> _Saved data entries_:
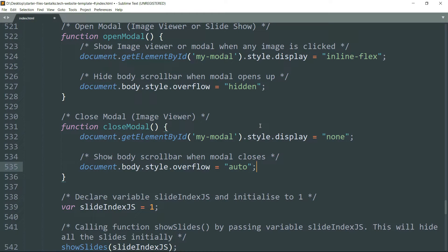The openModel function performs two tasks: first, opening the modal by changing the display property, and then hiding the body scroll bar. Similarly, the closeModel function does the opposite — it changes the display property to hide the modal, and then makes the body scroll bar visible again.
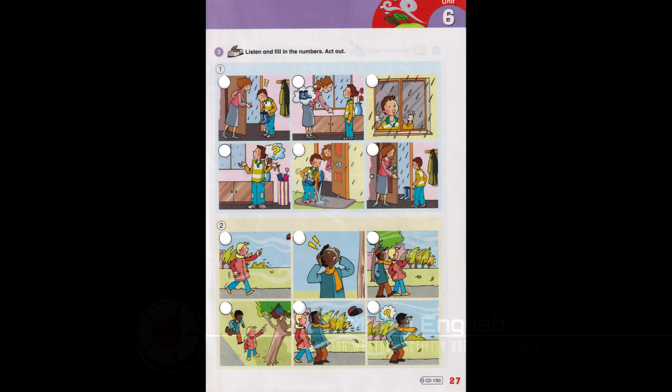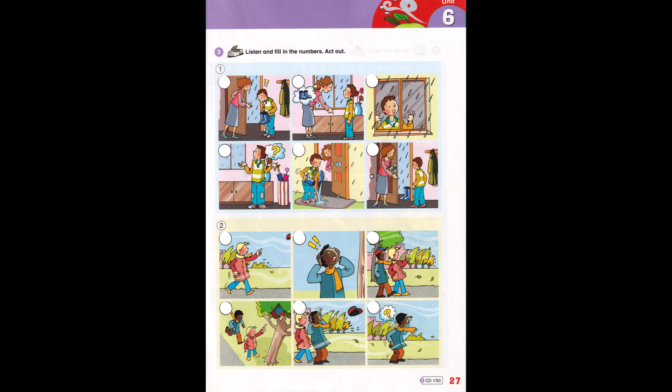Activity Book Unit 6, Story 1. It's raining!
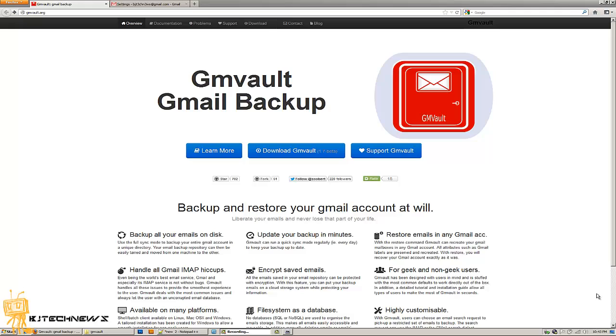One good example I could give you guys is at my job we actually use Google Business Apps and when someone leaves the company I normally have to backup their Gmail. What I used to do is configure Outlook with Gmail and create a PST file, but I found that GMVault was really simple.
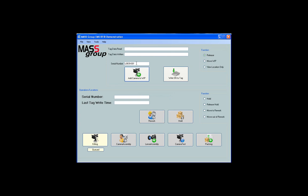The serial number needs to be written to the tag, so place the tag within range of the RFID scanner antenna. Click on Write SN to Tag. You should hear a series of beeps indicating the data is being written to the tag. Note that when you write the SN to the tag, it will display in the Tag Data Written field.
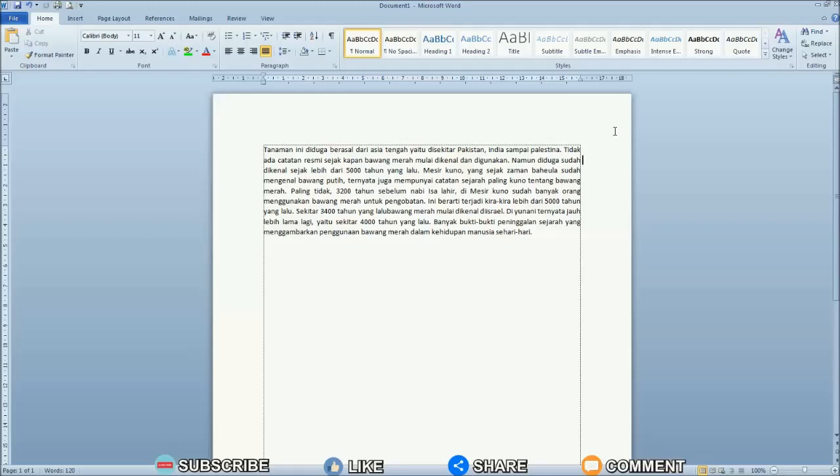Can you create automatic paragraphs? Where if we enter from the first paragraph to the second paragraph automatically at the beginning of the paragraph it will be indented. It will definitely make it easier for friends to type in Word.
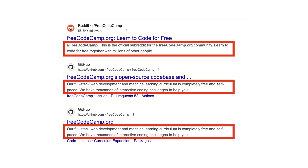Here are some examples of page results snippets for freeCodeCamp, a subreddit, and GitHub repositories. In each of these examples, the page descriptions are located just beneath the site links.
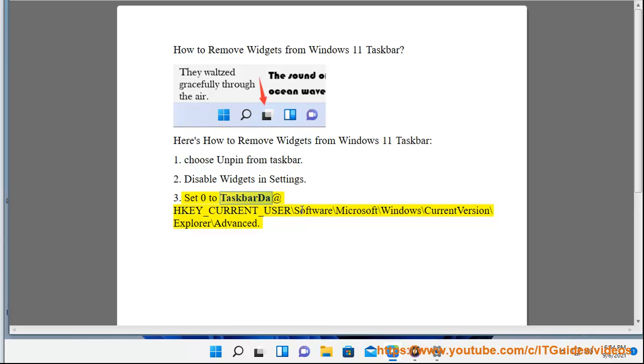Set 0 to taskbar. To do this, navigate to HKEY_CURRENT_USER\Software\Microsoft\Windows\CurrentVersion\Explorer\Advanced in the registry editor.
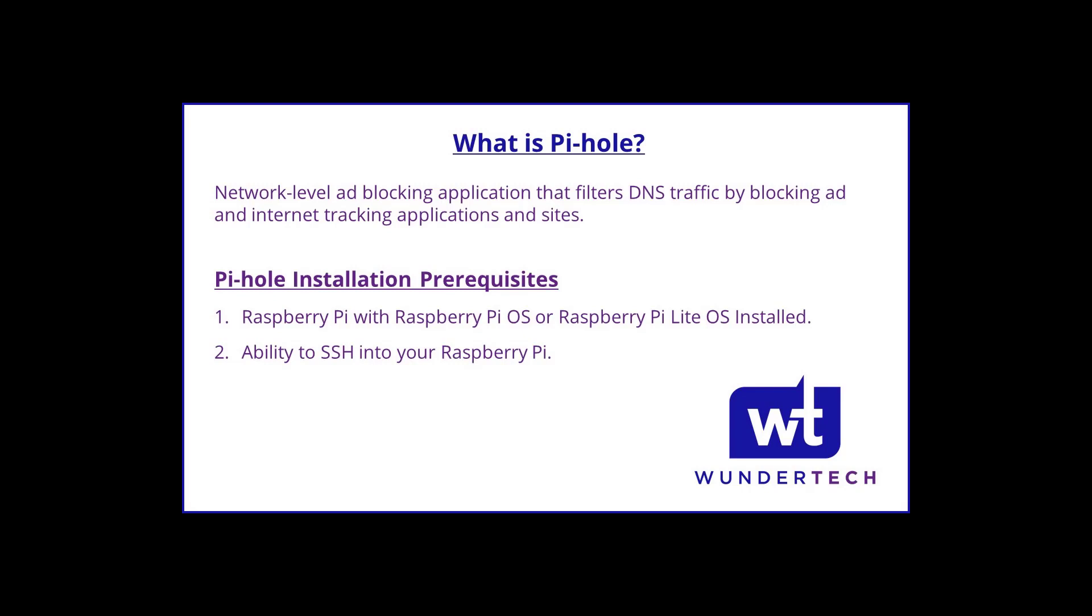Before we get started, make sure that you have the Raspberry Pi or Raspberry Pi Lite operating system installed and you are able to SSH into your Raspberry Pi. If you aren't sure how to configure this, I will leave a quick three-minute tutorial in the description that shows you how. I will also leave a link in the description with written instructions for everything that we are going over today.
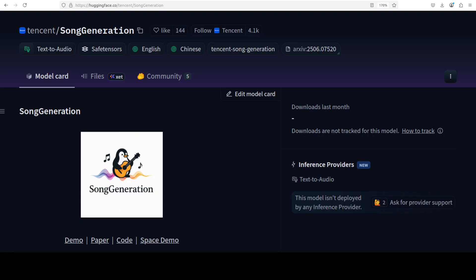This Song Generation model from Tencent is based on something called LEVO. LEVO is an advanced language model framework designed for high-quality song generation from lyrics and other optional prompts. It is built to address common challenges in AI music creation such as poor sound quality, weak vocal-instrument harmony, and limited ability to follow instructions. The core innovation of LEVO is its ability to simultaneously process two different types of audio representation: mixed tokens, which combine vocals and accompaniment to ensure harmonic coherence, and dual-track tokens, which model vocals and instruments separately to achieve high-fidelity sound.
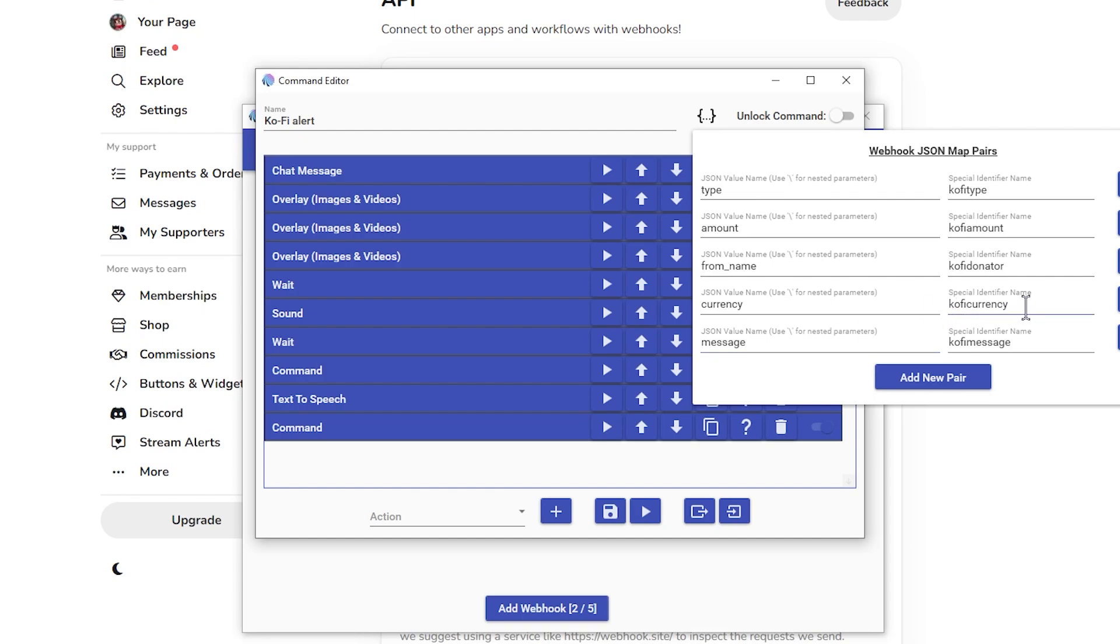Now it's important to have the currency and the amount. I mean, mine are just in dollars anyway, but sometimes people can give stuff in pounds or whatever.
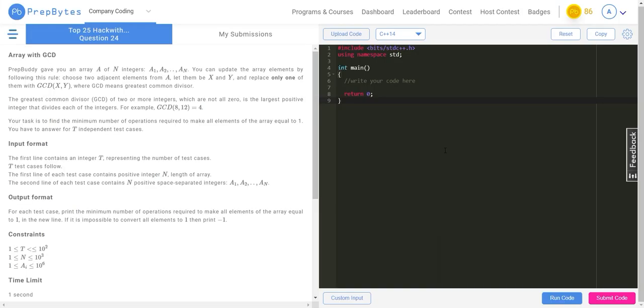Hello everyone and welcome back. Today we'll be solving another interesting question called Arrays with GCD, and here is the question.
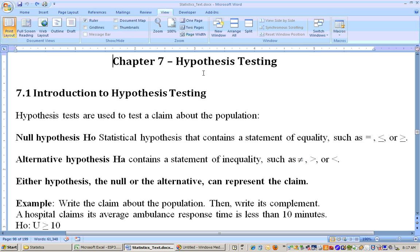This is Chapter 7, and this is really the beginning of the rest of the book on hypothesis testing. This is a very important section because this is the start of hypothesis testing. With hypothesis tests, you're testing a claim about a population parameter.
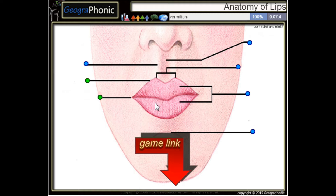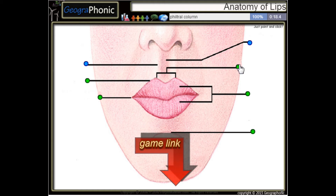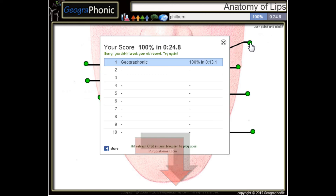Here we see vermilion. This is a labial mental crease. Here we see cupid's bow. This is the philtral column, and this is the philtrum itself. You can play this game yourself — look in the description to find the link.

> _Problem_:
The copy must begin at the line containing "Hello everyone and" and end at the last line of the data above, with every line retyped exactly and no pictures included.

> _Solution for this task_:
Hello everyone and welcome back. Today we'll be solving another interesting question called Arrays with GCD, and here is the question.
This is Chapter 7, and this is really the beginning of the rest of the book on hypothesis testing. This is a very important section because this is the start of hypothesis testing. With hypothesis tests, you're testing a claim about a population parameter.
Here we see vermilion. This is a labial mental crease. Here we see cupid's bow. This is the philtral column, and this is the philtrum itself. You can play this game yourself — look in the description to find the link.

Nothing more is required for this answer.